»»
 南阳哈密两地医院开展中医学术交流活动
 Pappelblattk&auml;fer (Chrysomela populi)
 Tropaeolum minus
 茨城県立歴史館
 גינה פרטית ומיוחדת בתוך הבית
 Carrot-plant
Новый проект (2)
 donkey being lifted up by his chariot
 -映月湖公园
««
»»
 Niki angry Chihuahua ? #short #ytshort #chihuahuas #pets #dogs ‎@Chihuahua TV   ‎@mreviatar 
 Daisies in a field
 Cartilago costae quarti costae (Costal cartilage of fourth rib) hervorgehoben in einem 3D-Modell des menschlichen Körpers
««
»»
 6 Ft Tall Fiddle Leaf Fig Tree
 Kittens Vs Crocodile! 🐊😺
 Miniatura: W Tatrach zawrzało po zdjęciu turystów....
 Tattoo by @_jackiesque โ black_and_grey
««
§ WORK ITEM
Using the entries above, give back exactly the line containing "Kittens Vs Crocodile! 🐊😺", the line containing "Tattoo by @_jackiesque โ black_and_grey", and every line between them, and nothing else.

§ YOUR SOLUTION
 Kittens Vs Crocodile! 🐊😺
 Miniatura: W Tatrach zawrzało po zdjęciu turystów....
 Tattoo by @_jackiesque โ black_and_grey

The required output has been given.